• Mon. Jul 22nd, 2024


Dec 4, 2023


By: Augustine Omilo


Since the naira, Nigeria’s currency and the recognized medium of exchange’s value before other currencies of the world became subjected to market forces in the 80s, it has not recovered from value depreciation. The negative trend has continued to cause nightmares to economic planners in the country. This downward slide of the nation’s measure of value started with the international monetary policies introduced to the nation by World Bank and IMF-trained economists like Dr. Onalapo Soleye, Dr. Chu S.P Okongwu and Dr. Kalu Idika Kalu. They all served as finance ministers before Nigeria returned to democratic governance in 1999.


The Naira faced the challenge of determining its value through the Dutch auction system where the Deposit Money Banks, DMB went to the Central Bank of Nigeria daily to bid for foreign currencies. The Commercial banks’ demands for dollar were based on the needs of their customers whose businesses required importation of foreign items.


However, this method of obtaining the foreign currencies from the apex bank gradually became abused when banks began to spring up without established norms in income generations through robust customer base. Many of them solely relied on the buying and selling of FX for survival. They indeed began to post profits that were not commensurate with their level of economic activities.


Buying and hoarding the dollar became the order of the day. They created artificial scarcity helped the banks to buy at official rates but sold to customers with outrageous profit margins. As a result of this, manufacturers needing foreign exchange began to suffer deprivations. Some of them thus, began to fold up. Other unfavourable economic challenges such as epileptic power supply and unstable government policies compounded matters for importers.


As if the damage done to the country’s currency by these policies was not enough, the federal government introduced the Bureau De Change, BDC window dominated by those who hitherto obtained foreign exchange from unclearly defined sources and sold at reasonable black-market rates on the streets of major towns in Nigeria. No sooner the government began registering BDC offices than they started conniving with banks to sell dollars and other currencies to companies and individuals that did not need them in the first place. This was at the detriment of genuine importers.
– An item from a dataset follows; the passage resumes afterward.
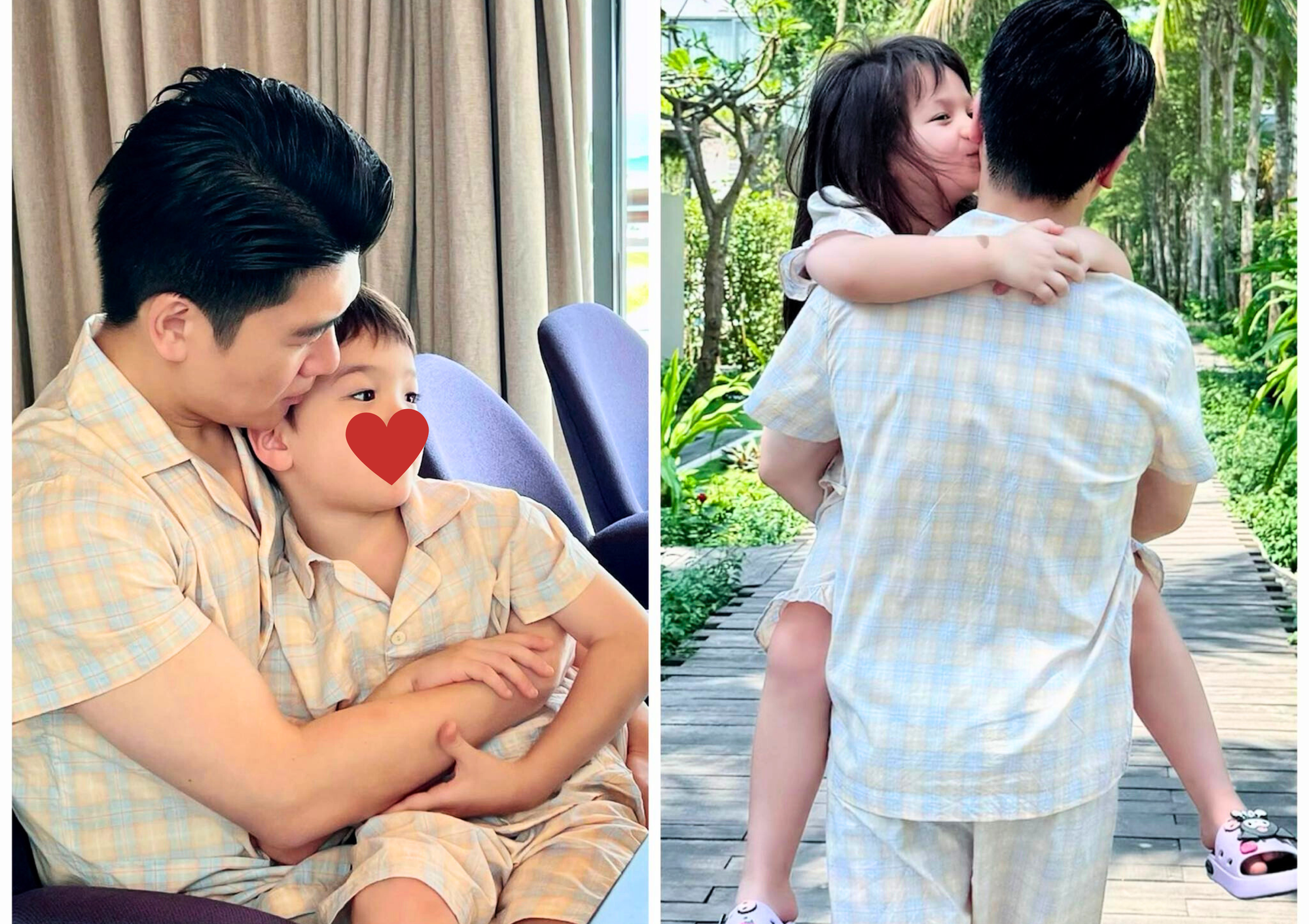 "Bố đơn thân nghìn tỷ" - cậu cả nhà bầu Hiển khoe ảnh chăm con cực khéo- Ảnh 2.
In the time past when the Naira was protected against other foreign currencies, approval was not granted to those wanting to travel overseas to study courses that were available in Nigerian Universities. But with BDC and some unscrupulous elements in the society, anyone could obtain FX to even study religion in countries that do not believe in God.


Amidst all these, many individuals started importing foreign goods to stock their supermarkets and fashion outfits. Of course, the citizens’ preference for goods made outside the country began to increase. The infant industries became helpless. Many of them shut down their factories and started importing ready-made goods from abroad. Today, a greater number of the nation’s population relies on countries like China, Singapore, USA and India for their material needs.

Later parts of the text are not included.